I don’t know how many of you watch, or have even heard of, the show Torchwood – but it’s one of my favorites and I was finally able to catch up on the last season over the past few weeks. The premise – alien technology exists on this planet and there is a team of people out to save the world from it.1 The past few seasons have focused on season long story arcs and the one from this season was all about a public health crisis. The gist – one day, initially called Miracle Day, everyone in the world stops dying. While everyone stops dying, it doesn’t mean that all illnesses are cured or people stop aging – no, it simply removes death from the equation. The impacts on and questions that are (and can be) brought up about the health care system are fascinating (and sadly, at least for me, the show only spent about half an episode actually exploring the health system and the impact of this crisis.) How does a health system operate when every formerly deadly disease is now chronic? How does the system deal with patients who have no chance of recovery but yet won’t die? What happens to modern medicine when there are no more organ donors? How do different countries deal with the same major public health crisis?
The show focuses on the United States and The United Kingdom where the plan ends up being to classify all people into one of three health categories (A: healthy, B: ill but functioning, and C: non-functioning.) The line between categories B and C is quite blurry but yet quite important as people in category C are considered as good as dead and put in camps reminiscent of concentration camps. The worst of the category C cases then have their still living bodies burned in incinerators. For those in category B, an abundance of pharmaceuticals are used, including large amounts of pain medication, to prevent them from moving into category C.

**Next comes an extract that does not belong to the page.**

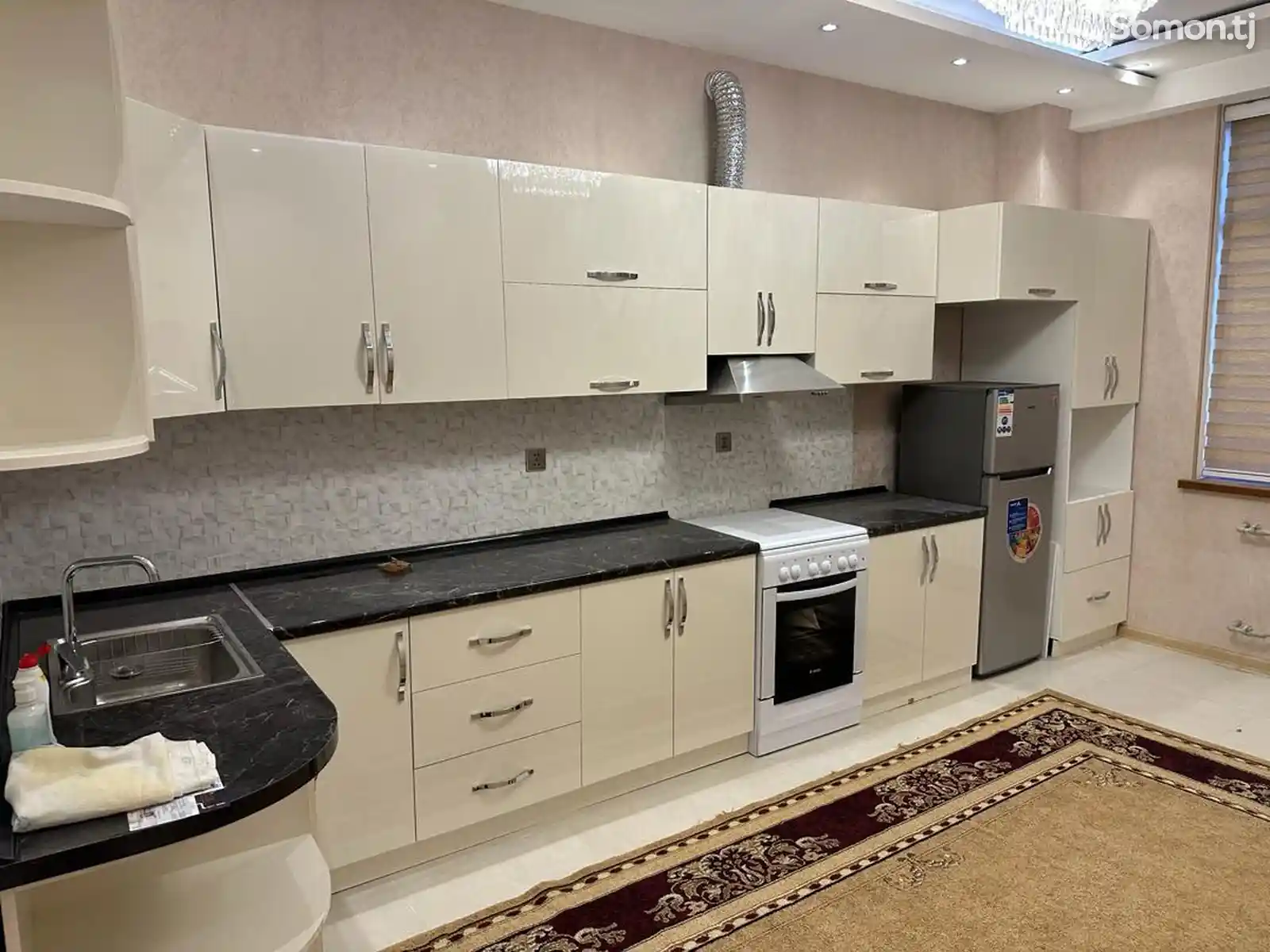 2-комн. квартира, 10 этаж, 90м², хиёбони Рудаки-3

Little to no mention is made of the impact of this crisis in developing nations but some of the readings from this week’s class really got me thinking about what different countries would be forced to do in this kind of crisis. Would developing nations with little access to the medication and resources needed to sustain those in category B be forced to split the population into only two categories and basically write off anyone who was ill at all? Would countries with high birth rates and low resources be forced to require pregnant women to have abortions as adding more people to the non-decreasing population would reduce the care that the current population was given? Given the framework in the paper by Murray and Frank2 and the discussion of cost effectiveness and equity in the paper by Mills, Rasheed and Tollman3 would we consider the health systems in those countries to be performing optimally in these cases?
Like all television, everything wraps up nicely in the season finale as order is returned to the universe and people start dying again. It is definitely interesting though, to think about how much healthcare and the systems built around it depend on people eventually dying and leaving the system and how much would need to change if death was taken off the table.
1. yes – there is a lot more to it including over 30 years’ worth of mythology from another show named Doctor Who, but I bore even myself talking about this sometimes.
2. Murray, Christopher and Julio Frenk. “A Framework for Assessing the Performance of Health Systems”. Bulletin of the World Health Organization. Vol 78, Issue 6. 2000. 717-729.
3. Mills, Annie, Rasheed Fawzia and Tollman, Stephen “Strengthening Health Systems.” Disease Control Priorities in Developing Countries. 87-100.